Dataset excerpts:
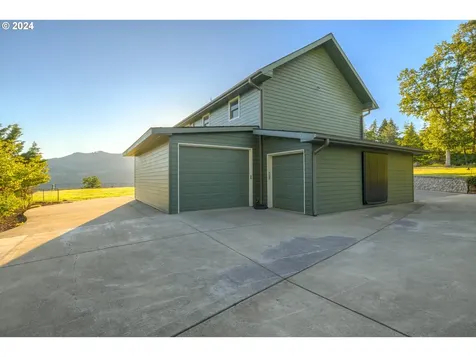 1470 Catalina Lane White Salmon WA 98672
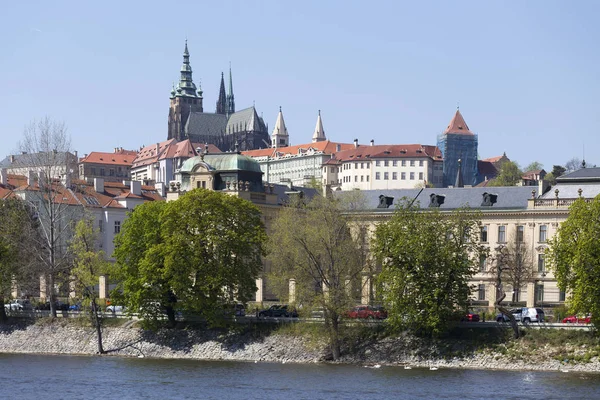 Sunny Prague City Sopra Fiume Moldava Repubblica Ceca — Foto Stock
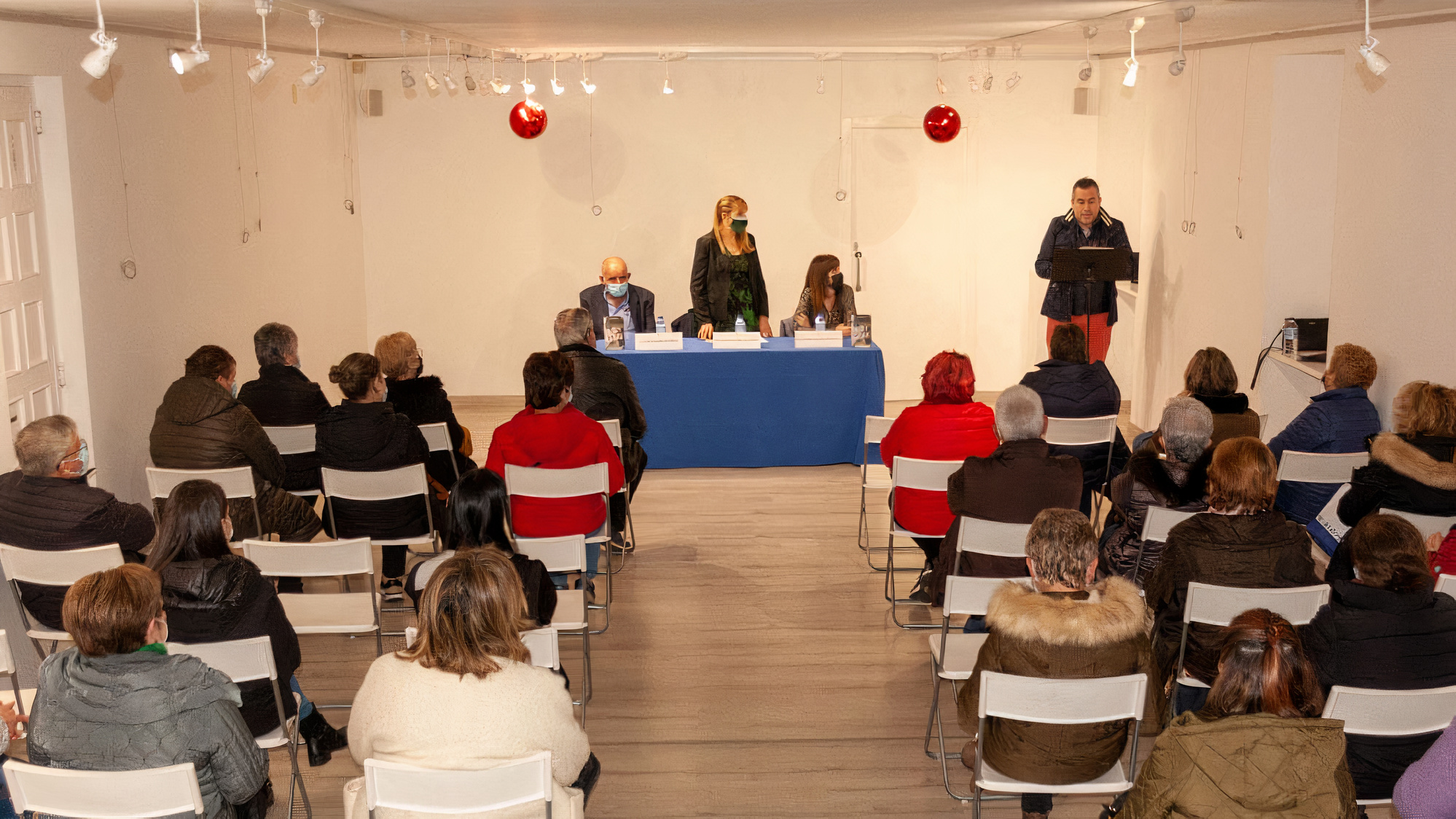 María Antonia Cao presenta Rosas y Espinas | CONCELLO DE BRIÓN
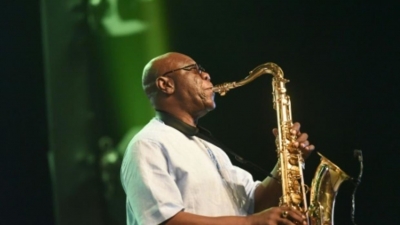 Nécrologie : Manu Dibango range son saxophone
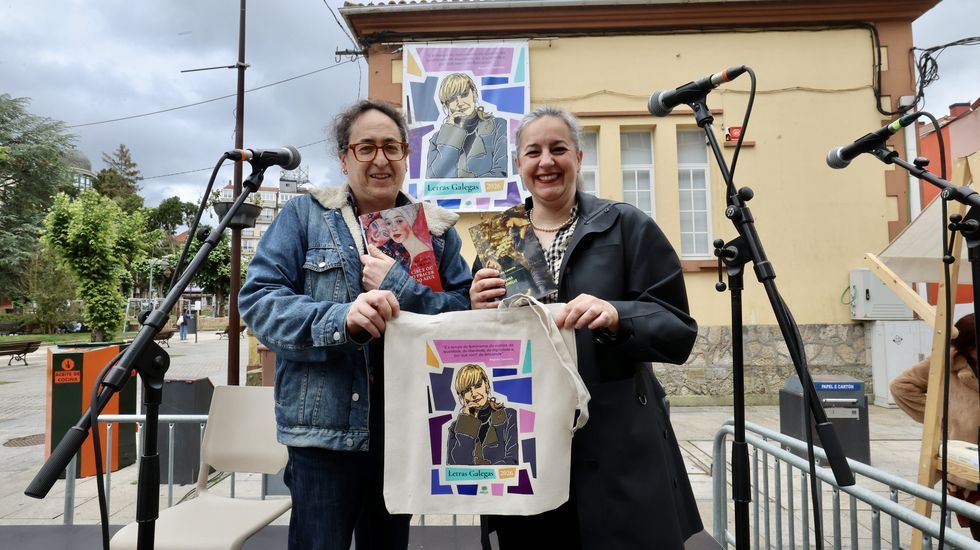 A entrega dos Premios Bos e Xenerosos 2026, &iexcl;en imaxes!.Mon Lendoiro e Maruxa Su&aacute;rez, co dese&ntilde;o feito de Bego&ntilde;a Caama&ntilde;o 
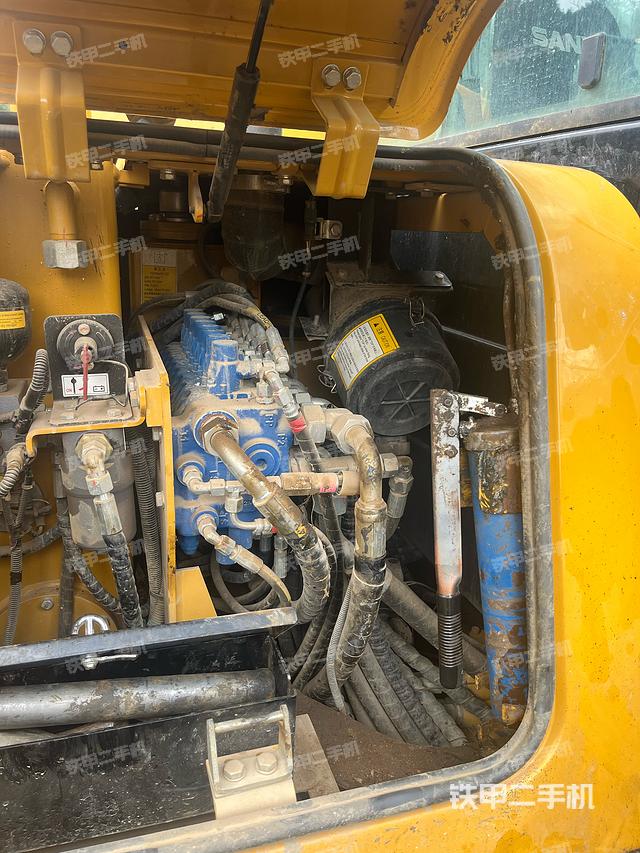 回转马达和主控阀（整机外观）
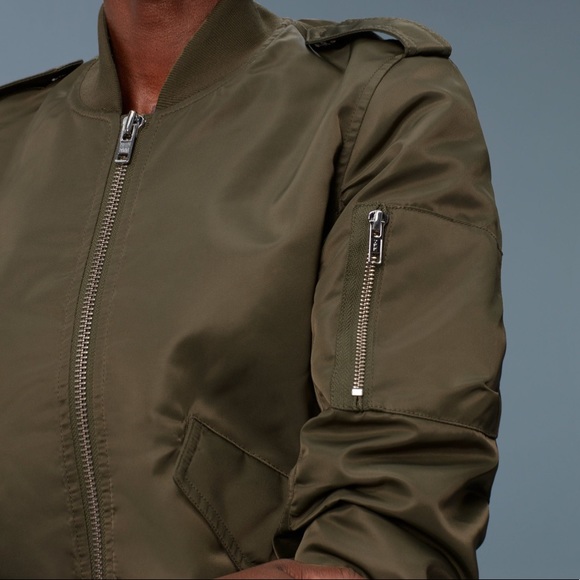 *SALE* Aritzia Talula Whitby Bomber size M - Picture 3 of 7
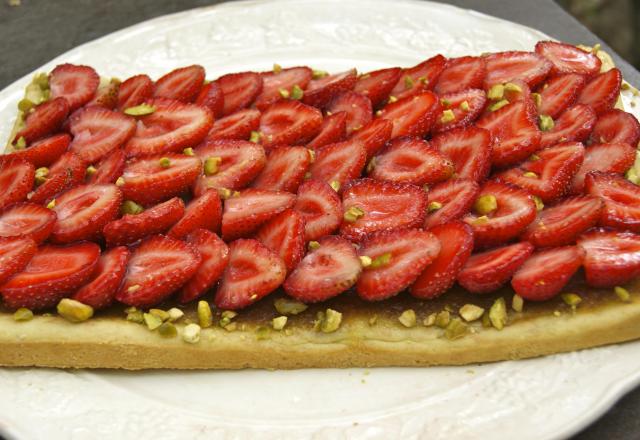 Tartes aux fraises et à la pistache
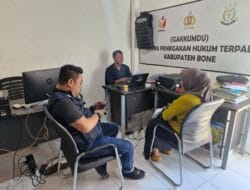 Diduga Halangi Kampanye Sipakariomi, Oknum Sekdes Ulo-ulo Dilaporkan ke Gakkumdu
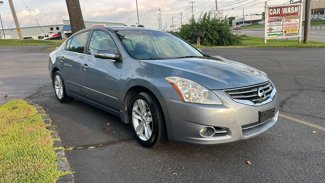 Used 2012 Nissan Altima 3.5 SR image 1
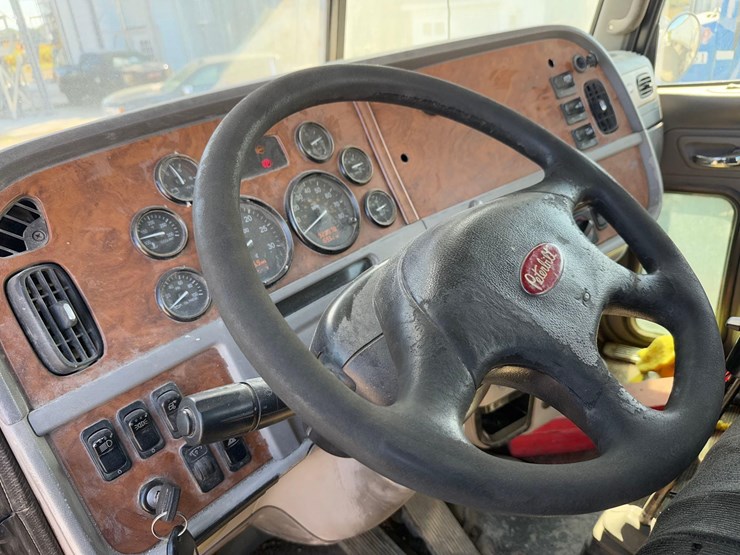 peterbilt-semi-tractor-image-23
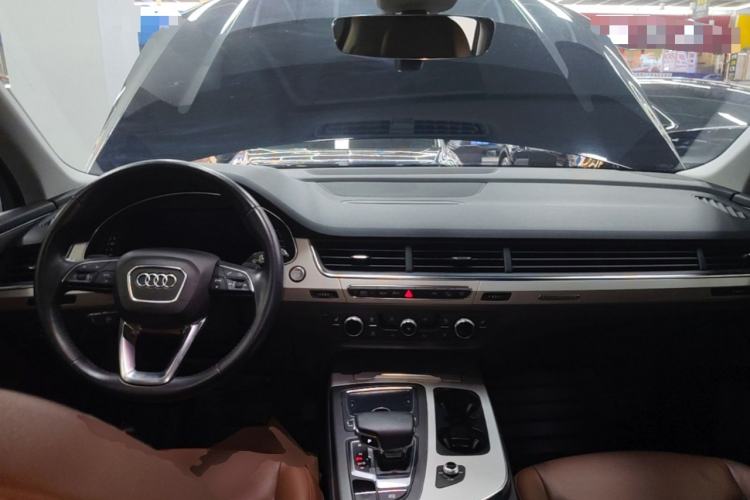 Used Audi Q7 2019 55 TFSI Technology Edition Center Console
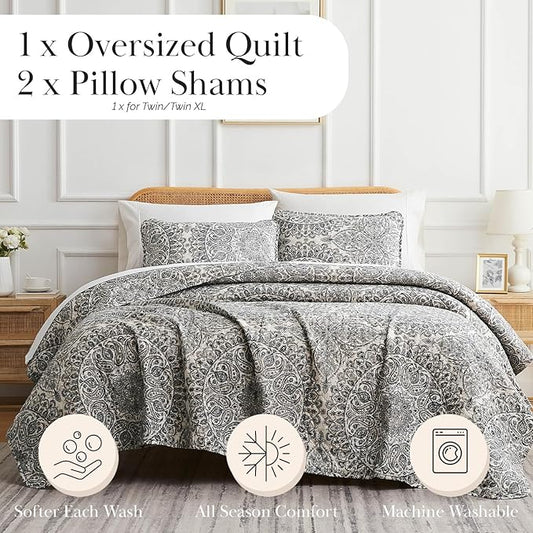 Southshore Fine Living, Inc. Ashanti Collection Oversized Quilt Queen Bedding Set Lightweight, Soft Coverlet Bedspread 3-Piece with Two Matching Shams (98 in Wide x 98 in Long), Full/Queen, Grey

To do: Exclude the pictures and write out exactly the lines from the one holding "Sunny Prague City" through the end of the entries, inclusive, and only those.

Output below:
 Sunny Prague City Sopra Fiume Moldava Repubblica Ceca — Foto Stock
 María Antonia Cao presenta Rosas y Espinas | CONCELLO DE BRIÓN
 Nécrologie : Manu Dibango range son saxophone
 A entrega dos Premios Bos e Xenerosos 2026, &iexcl;en imaxes!.Mon Lendoiro e Maruxa Su&aacute;rez, co dese&ntilde;o feito de Bego&ntilde;a Caama&ntilde;o 
 回转马达和主控阀（整机外观）
 *SALE* Aritzia Talula Whitby Bomber size M - Picture 3 of 7
 Tartes aux fraises et à la pistache
 Diduga Halangi Kampanye Sipakariomi, Oknum Sekdes Ulo-ulo Dilaporkan ke Gakkumdu
 Used 2012 Nissan Altima 3.5 SR image 1
 peterbilt-semi-tractor-image-23
 Used Audi Q7 2019 55 TFSI Technology Edition Center Console
 Southshore Fine Living, Inc. Ashanti Collection Oversized Quilt Queen Bedding Set Lightweight, Soft Coverlet Bedspread 3-Piece with Two Matching Shams (98 in Wide x 98 in Long), Full/Queen, Grey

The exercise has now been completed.